Proprio tramite i video postati su questo social network famosissimo, la polizia locale dell’Unione Rubicone Mare ha scoperto chi fossero i piromani che da qualche settimana stavano “divertendosi” a fare migliaia di euro di danni a Savignano sul Rubicone. Si tratta di ragazzini tra i 10 ed i 12 anni di età. Che tutto dovrebbero pensare e fare tranne che “giocare col fuoco”; e che di certo non dovrebbero poter usare uno smartphone o un social network senza un controllo da parte dei genitori.

Lo psicologo

Andrea Bilotto, psicologo ravennate e presidente dell’Associazione italiana di prevenzione al cyberbullismo e al sexting, da tempo presta parte della sua attività di professionista all’ascolto dei ragazzi dentro le scuole.

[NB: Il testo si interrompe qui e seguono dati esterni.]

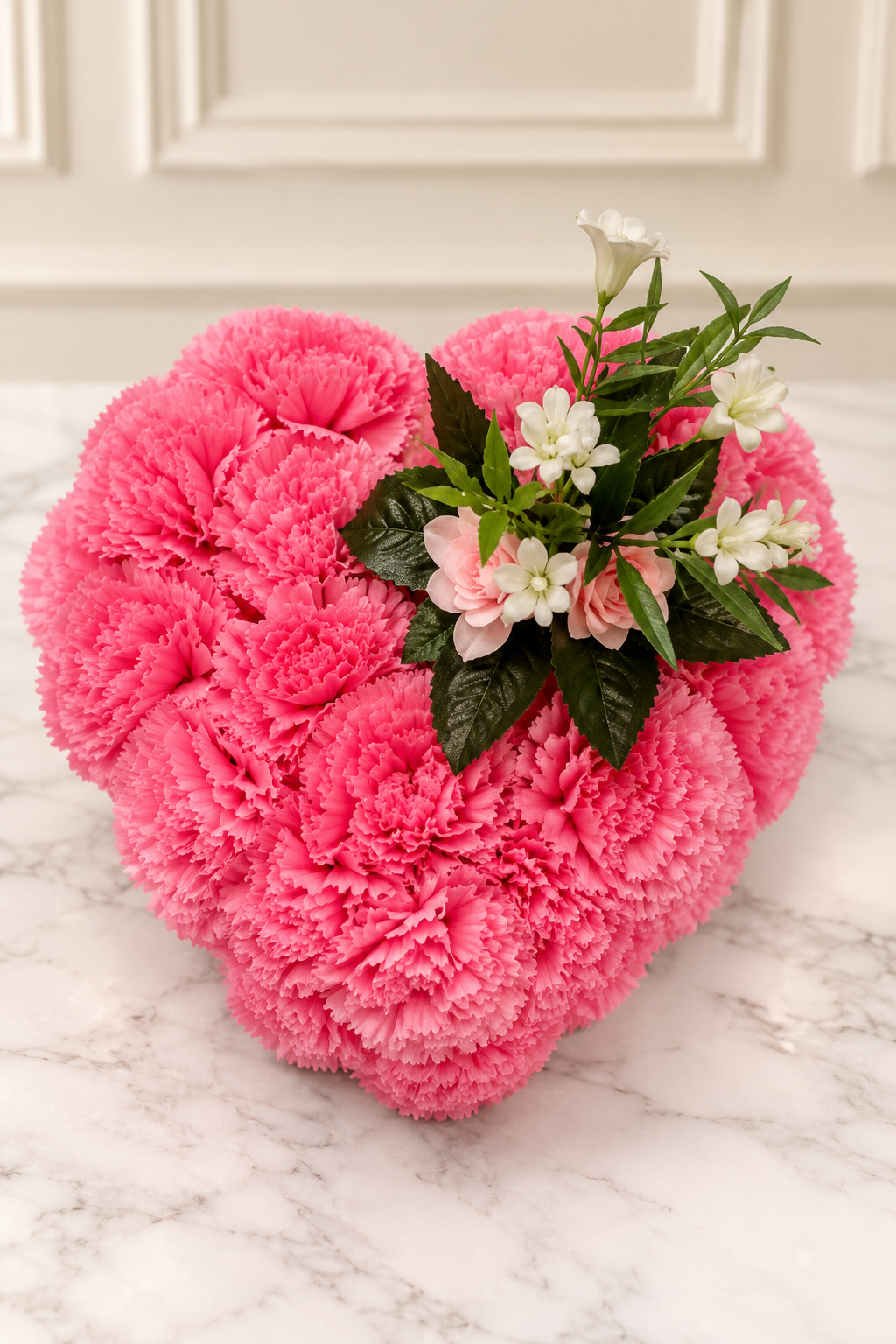 Pink Heart Memorial Tribute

Questo, gli ha permesso di entrare in contatto con il mondo dell’infanzia e dell’adolescenza, analizzandone i comportamenti e scoprendone i problemi fin nel profondo.


Il mondo dei social come influenza i ragazzi in età evolutiva?


«Nella società giovanile di oggi la popolarità è diventata fondamentale, anche tra i più piccoli, che spesso hanno a disposizione cellulare e si iscrivono ai social anche se non potrebbero. Il problema è che pur di trovare fama sono disposti a tutto e così emerge la trasgressione totale e un’assoluta e preoccupante mancanza di empatia. Quando parlo con i ragazzi che mettono in atto questi comportamenti, spesso mi rispondono: “tutto nella norma”».


Nel corso del suo lavoro nelle scuole, oltre ai noti problemi di cyberbullismo, quali fenomeni preoccupanti sta vedendo emergere?

«Il vandalismo è senz’altro uno di questi. Poi ci sono le risse, con gruppi composti anche da decine e decine di giovani che si danno appuntamento tramite social solo per picchiarsi. Infine, le cito il “dissing”, che proprio in questi giorni stiamo vedendo in atto in una scuola primaria a Cesena».


Di cosa si tratta?


«È un fenomeno in forte crescita tra bambini anche di dieci anni e consiste nell’insultarsi senza freni l’uno con l’altro tramite WhatsApp».


Per quale motivo, secondo lei, agiscono in questo modo?


«Per quanto possa sembrare assurda, la risposta è una: cercano attenzione. Quando accolgo questi giovani negli sportelli di ascolto a scuola sono dei veri e propri fiumi in piena. Mi chiedono di parlare per ore, perché finalmente qualcuno li sta ascoltando. E quando chiedo: “ma parlate con i vostri genitori?”, loro mi rispondono: “perché dovremmo parlare con i muri?!”. Ecco allora che poi compensano queste mancanze sui social, dove cercano popolarità e autostima».


Ma per quale motivo, poi, sfogano la mancanza di attenzione in cattiveria?


«Perché il mondo con il quale si scontrano su internet è spesso cattivo. Pensiamo solo a serie tv come Squid Game. I bambini e ragazzi che seguo l’hanno vista tutti, anche se era vietata. Per non parlare poi dei videgiochi, spesso lasciati nelle mani di giovanissimi che non hanno gli strumenti per interpretare ciò che stanno vedendo o facendo. Uno studente di 8 anni qualche giorno fa è venuto da me e mi ha detto: “ieri ho stuprato una ragazza e ora mi sento in colpa”. Si riferiva a un videogioco che permette di fare queste cose».


E i genitori non si accorgono di nulla?


«Io tengo dei corsi per i genitori e vuole sapere quanti partecipano? Ieri erano in quattro. Vuol dire che non c’è attenzione su questi temi. Non c’è la percezione della pericolosità, mentre la prevenzione sarebbe lo strumento più efficace».